Hacker News new | ask | show | jobs
by baobabKoodaa 1762 days ago
> Almost everything you will ever need is already implemented in a library for you to reuse, and even reaching for that library is pretty rare.

Developers who have no interest towards algorithms will not even have the skills required to identify opportunities where algorithms should be used, much less the skills required to identify which algorithm should be used. For example, I had a conversation here on HN a few weeks back where somebody said that they will not need to learn anything about sort algorithms, because they can just google bubble sort and copypaste it if they need sorting at work. And that's how you end up with 5-minute load times for GTA.

2 comments

> somebody said that they will not need to learn anything about sort algorithms, because they can just google bubble sort and copypaste it if they need sorting at work

In this example, the missing skillset is not memorizing a book of algorithms as you seem to imply.

If performance isn't good for the use case, they should be profiling the code for root causes. Which will lead them to identifying the sort operation as a problem. At which point they can search for faster sorting algorithms which will quickly lead them to a better solution and libraries containing them (or even how to implement, if they're operating in a constrained environment where no libraries exist).

I don't want to hire software engineers who have memorized the algorithm book, that's not useful to me. I want to hire those who can apply discipline to the work, such as (in this example) be aware of performance and know how to analyze it and find solutions.

> In this example, the missing skillset is not memorizing a book of algorithms as you seem to imply.

No it's not. As I said in the sibling comment, competitive programming (or algorithm skills in general) isn't about memorizing algorithms, it's about developing skills that allow you to understand and create algorithms to solve problems. In this case, it would be sufficient to understand why looking up a phone number in a phone book should inherently be a O(log n) operation, not a O(n) operation.
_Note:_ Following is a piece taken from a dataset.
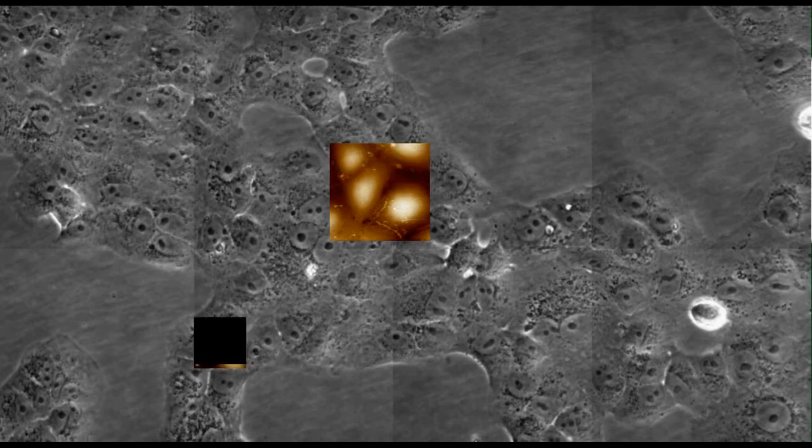Whether you wish to determine the biomechanical properties of plant cells, cartilage, bone or tissue samples, or measure cell-cell or cell-substrate interactions, the hybrid stage gives you the flexibility you need to study the widest range of samples.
> I don't want to hire software engineers who have memorized the algorithm book, that's not useful to me. I want to hire those who can apply discipline to the work, such as (in this example) be aware of performance and know how to analyze it and find solutions.

So we're discussing a hypothetical developer who has "no interest towards algorithms", and you're imagining that this person is going to run a profiler to troubleshoot a performance issue and subsequently optimize algorithms to fix said performance issue? This sounds like a fantasy to me. If you want skilled software engineers who have the ability to troubleshoot and optimize algorithms, you probably need someone who has some kind of interest towards algorithms.

> So we're discussing a hypothetical developer who has "no interest towards algorithms", and you're imagining that this person is going to run a profiler to troubleshoot a performance issue and subsequently optimize algorithms to fix said performance issue? This sounds like a fantasy to me.

Our experiences are vastly different then. Nothing fantasy or hypothetical about this. Every great software engineer I've worked with is like this.

Profiling and identifying hot spots is an every-week occurrence in the field, very pragmatic and valuable work. Theoretical algorithms only happen on interview whiteboards, not on the job.

You're arguing that someone who doesn't care to learn anything about algorithms is going to do a good job at optimizing algorithms.
No, not at all!

I am saying that being able to regurgitate an implementation of quicksort (to keep on the sorting example) onto a whiteboard is not a useful skill. There will never be a need to do this in a real life job.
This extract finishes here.